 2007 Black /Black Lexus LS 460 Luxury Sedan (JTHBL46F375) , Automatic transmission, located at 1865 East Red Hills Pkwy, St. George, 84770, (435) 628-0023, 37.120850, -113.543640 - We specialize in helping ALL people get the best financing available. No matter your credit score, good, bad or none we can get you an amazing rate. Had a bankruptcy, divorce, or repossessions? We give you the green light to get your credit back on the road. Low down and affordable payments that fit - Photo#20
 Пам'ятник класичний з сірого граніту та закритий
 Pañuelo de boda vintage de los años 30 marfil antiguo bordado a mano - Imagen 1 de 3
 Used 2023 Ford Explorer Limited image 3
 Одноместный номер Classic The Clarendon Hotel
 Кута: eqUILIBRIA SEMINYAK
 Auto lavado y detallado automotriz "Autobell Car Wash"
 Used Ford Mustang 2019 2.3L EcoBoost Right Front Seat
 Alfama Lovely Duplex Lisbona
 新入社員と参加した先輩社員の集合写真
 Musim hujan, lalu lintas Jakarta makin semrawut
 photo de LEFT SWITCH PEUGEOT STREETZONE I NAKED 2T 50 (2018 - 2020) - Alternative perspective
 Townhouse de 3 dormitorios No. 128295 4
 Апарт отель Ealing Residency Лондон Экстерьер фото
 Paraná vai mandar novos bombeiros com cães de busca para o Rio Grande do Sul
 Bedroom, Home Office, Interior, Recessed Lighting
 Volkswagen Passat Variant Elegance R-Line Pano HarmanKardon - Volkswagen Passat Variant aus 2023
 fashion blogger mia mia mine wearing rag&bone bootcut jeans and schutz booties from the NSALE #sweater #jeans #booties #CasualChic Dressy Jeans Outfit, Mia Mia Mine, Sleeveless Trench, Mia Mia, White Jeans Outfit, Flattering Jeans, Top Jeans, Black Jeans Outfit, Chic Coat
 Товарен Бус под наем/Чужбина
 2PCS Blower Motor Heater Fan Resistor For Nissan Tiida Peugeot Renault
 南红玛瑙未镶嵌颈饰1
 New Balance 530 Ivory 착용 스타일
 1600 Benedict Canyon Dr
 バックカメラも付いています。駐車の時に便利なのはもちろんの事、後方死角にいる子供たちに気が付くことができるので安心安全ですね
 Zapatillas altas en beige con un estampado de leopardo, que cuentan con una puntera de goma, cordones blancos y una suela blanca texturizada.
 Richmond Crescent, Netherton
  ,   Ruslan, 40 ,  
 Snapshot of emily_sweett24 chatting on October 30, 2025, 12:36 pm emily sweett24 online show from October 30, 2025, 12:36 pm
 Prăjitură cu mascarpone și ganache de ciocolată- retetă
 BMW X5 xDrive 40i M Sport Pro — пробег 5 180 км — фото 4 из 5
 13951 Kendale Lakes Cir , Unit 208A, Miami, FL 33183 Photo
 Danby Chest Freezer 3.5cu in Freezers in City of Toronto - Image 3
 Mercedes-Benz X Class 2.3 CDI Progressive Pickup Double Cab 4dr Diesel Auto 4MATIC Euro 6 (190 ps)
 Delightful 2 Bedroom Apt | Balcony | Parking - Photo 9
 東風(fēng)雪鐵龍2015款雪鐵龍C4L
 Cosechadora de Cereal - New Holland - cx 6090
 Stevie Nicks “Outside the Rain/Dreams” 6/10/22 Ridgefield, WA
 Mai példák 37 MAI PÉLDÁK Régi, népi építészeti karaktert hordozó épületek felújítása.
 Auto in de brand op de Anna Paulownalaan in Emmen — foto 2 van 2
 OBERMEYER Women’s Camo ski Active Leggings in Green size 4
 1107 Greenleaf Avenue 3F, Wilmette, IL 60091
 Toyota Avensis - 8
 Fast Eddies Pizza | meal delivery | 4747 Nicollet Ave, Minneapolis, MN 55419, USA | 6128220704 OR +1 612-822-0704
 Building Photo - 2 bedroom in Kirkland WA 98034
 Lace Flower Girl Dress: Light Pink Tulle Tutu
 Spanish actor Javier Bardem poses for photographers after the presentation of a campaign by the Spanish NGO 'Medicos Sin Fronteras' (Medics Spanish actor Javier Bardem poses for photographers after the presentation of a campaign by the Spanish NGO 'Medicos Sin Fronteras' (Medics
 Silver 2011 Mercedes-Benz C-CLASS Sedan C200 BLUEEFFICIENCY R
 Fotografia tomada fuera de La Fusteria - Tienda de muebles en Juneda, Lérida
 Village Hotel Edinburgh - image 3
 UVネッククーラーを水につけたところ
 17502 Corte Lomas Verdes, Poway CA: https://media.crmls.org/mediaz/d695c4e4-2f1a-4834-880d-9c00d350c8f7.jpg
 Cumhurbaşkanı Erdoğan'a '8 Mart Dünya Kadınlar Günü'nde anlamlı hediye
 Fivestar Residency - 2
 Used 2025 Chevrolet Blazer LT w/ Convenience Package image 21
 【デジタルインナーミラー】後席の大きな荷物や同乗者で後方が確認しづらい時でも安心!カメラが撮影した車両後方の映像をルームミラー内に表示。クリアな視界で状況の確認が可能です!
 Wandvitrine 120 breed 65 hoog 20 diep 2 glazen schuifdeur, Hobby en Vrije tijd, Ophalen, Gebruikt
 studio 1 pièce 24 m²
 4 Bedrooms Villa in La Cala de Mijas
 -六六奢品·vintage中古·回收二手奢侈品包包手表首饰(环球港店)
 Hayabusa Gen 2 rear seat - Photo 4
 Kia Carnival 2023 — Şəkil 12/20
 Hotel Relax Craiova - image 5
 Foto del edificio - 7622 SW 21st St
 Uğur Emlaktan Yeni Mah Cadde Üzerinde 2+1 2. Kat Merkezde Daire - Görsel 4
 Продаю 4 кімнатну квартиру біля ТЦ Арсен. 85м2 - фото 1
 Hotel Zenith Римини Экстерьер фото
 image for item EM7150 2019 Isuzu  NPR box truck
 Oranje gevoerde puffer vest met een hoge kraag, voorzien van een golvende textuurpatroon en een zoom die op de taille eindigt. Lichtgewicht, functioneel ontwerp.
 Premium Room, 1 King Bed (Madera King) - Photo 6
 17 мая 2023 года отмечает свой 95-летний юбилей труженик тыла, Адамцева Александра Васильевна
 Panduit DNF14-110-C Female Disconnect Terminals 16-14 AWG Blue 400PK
****************
• TASK DIRECTIONS
Print all records shown above, word for word.

• YOUR RESPONSE
 2007 Black /Black Lexus LS 460 Luxury Sedan (JTHBL46F375) , Automatic transmission, located at 1865 East Red Hills Pkwy, St. George, 84770, (435) 628-0023, 37.120850, -113.543640 - We specialize in helping ALL people get the best financing available. No matter your credit score, good, bad or none we can get you an amazing rate. Had a bankruptcy, divorce, or repossessions? We give you the green light to get your credit back on the road. Low down and affordable payments that fit - Photo#20
 Пам'ятник класичний з сірого граніту та закритий
 Pañuelo de boda vintage de los años 30 marfil antiguo bordado a mano - Imagen 1 de 3
 Used 2023 Ford Explorer Limited image 3
 Одноместный номер Classic The Clarendon Hotel
 Кута: eqUILIBRIA SEMINYAK
 Auto lavado y detallado automotriz "Autobell Car Wash"
 Used Ford Mustang 2019 2.3L EcoBoost Right Front Seat
 Alfama Lovely Duplex Lisbona
 新入社員と参加した先輩社員の集合写真
 Musim hujan, lalu lintas Jakarta makin semrawut
 photo de LEFT SWITCH PEUGEOT STREETZONE I NAKED 2T 50 (2018 - 2020) - Alternative perspective
 Townhouse de 3 dormitorios No. 128295 4
 Апарт отель Ealing Residency Лондон Экстерьер фото
 Paraná vai mandar novos bombeiros com cães de busca para o Rio Grande do Sul
 Bedroom, Home Office, Interior, Recessed Lighting
 Volkswagen Passat Variant Elegance R-Line Pano HarmanKardon - Volkswagen Passat Variant aus 2023
 fashion blogger mia mia mine wearing rag&bone bootcut jeans and schutz booties from the NSALE #sweater #jeans #booties #CasualChic Dressy Jeans Outfit, Mia Mia Mine, Sleeveless Trench, Mia Mia, White Jeans Outfit, Flattering Jeans, Top Jeans, Black Jeans Outfit, Chic Coat
 Товарен Бус под наем/Чужбина
 2PCS Blower Motor Heater Fan Resistor For Nissan Tiida Peugeot Renault
 南红玛瑙未镶嵌颈饰1
 New Balance 530 Ivory 착용 스타일
 1600 Benedict Canyon Dr
 バックカメラも付いています。駐車の時に便利なのはもちろんの事、後方死角にいる子供たちに気が付くことができるので安心安全ですね
 Zapatillas altas en beige con un estampado de leopardo, que cuentan con una puntera de goma, cordones blancos y una suela blanca texturizada.
 Richmond Crescent, Netherton
  ,   Ruslan, 40 ,  
 Snapshot of emily_sweett24 chatting on October 30, 2025, 12:36 pm emily sweett24 online show from October 30, 2025, 12:36 pm
 Prăjitură cu mascarpone și ganache de ciocolată- retetă
 BMW X5 xDrive 40i M Sport Pro — пробег 5 180 км — фото 4 из 5
 13951 Kendale Lakes Cir , Unit 208A, Miami, FL 33183 Photo
 Danby Chest Freezer 3.5cu in Freezers in City of Toronto - Image 3
 Mercedes-Benz X Class 2.3 CDI Progressive Pickup Double Cab 4dr Diesel Auto 4MATIC Euro 6 (190 ps)
 Delightful 2 Bedroom Apt | Balcony | Parking - Photo 9
 東風(fēng)雪鐵龍2015款雪鐵龍C4L
 Cosechadora de Cereal - New Holland - cx 6090
 Stevie Nicks “Outside the Rain/Dreams” 6/10/22 Ridgefield, WA
 Mai példák 37 MAI PÉLDÁK Régi, népi építészeti karaktert hordozó épületek felújítása.
 Auto in de brand op de Anna Paulownalaan in Emmen — foto 2 van 2
 OBERMEYER Women’s Camo ski Active Leggings in Green size 4
 1107 Greenleaf Avenue 3F, Wilmette, IL 60091
 Toyota Avensis - 8
 Fast Eddies Pizza | meal delivery | 4747 Nicollet Ave, Minneapolis, MN 55419, USA | 6128220704 OR +1 612-822-0704
 Building Photo - 2 bedroom in Kirkland WA 98034
 Lace Flower Girl Dress: Light Pink Tulle Tutu
 Spanish actor Javier Bardem poses for photographers after the presentation of a campaign by the Spanish NGO 'Medicos Sin Fronteras' (Medics Spanish actor Javier Bardem poses for photographers after the presentation of a campaign by the Spanish NGO 'Medicos Sin Fronteras' (Medics
 Silver 2011 Mercedes-Benz C-CLASS Sedan C200 BLUEEFFICIENCY R
 Fotografia tomada fuera de La Fusteria - Tienda de muebles en Juneda, Lérida
 Village Hotel Edinburgh - image 3
 UVネッククーラーを水につけたところ
 17502 Corte Lomas Verdes, Poway CA: https://media.crmls.org/mediaz/d695c4e4-2f1a-4834-880d-9c00d350c8f7.jpg
 Cumhurbaşkanı Erdoğan'a '8 Mart Dünya Kadınlar Günü'nde anlamlı hediye
 Fivestar Residency - 2
 Used 2025 Chevrolet Blazer LT w/ Convenience Package image 21
 【デジタルインナーミラー】後席の大きな荷物や同乗者で後方が確認しづらい時でも安心!カメラが撮影した車両後方の映像をルームミラー内に表示。クリアな視界で状況の確認が可能です!
 Wandvitrine 120 breed 65 hoog 20 diep 2 glazen schuifdeur, Hobby en Vrije tijd, Ophalen, Gebruikt
 studio 1 pièce 24 m²
 4 Bedrooms Villa in La Cala de Mijas
 -六六奢品·vintage中古·回收二手奢侈品包包手表首饰(环球港店)
 Hayabusa Gen 2 rear seat - Photo 4
 Kia Carnival 2023 — Şəkil 12/20
 Hotel Relax Craiova - image 5
 Foto del edificio - 7622 SW 21st St
 Uğur Emlaktan Yeni Mah Cadde Üzerinde 2+1 2. Kat Merkezde Daire - Görsel 4
 Продаю 4 кімнатну квартиру біля ТЦ Арсен. 85м2 - фото 1
 Hotel Zenith Римини Экстерьер фото
 image for item EM7150 2019 Isuzu  NPR box truck
 Oranje gevoerde puffer vest met een hoge kraag, voorzien van een golvende textuurpatroon en een zoom die op de taille eindigt. Lichtgewicht, functioneel ontwerp.
 Premium Room, 1 King Bed (Madera King) - Photo 6
 17 мая 2023 года отмечает свой 95-летний юбилей труженик тыла, Адамцева Александра Васильевна
 Panduit DNF14-110-C Female Disconnect Terminals 16-14 AWG Blue 400PK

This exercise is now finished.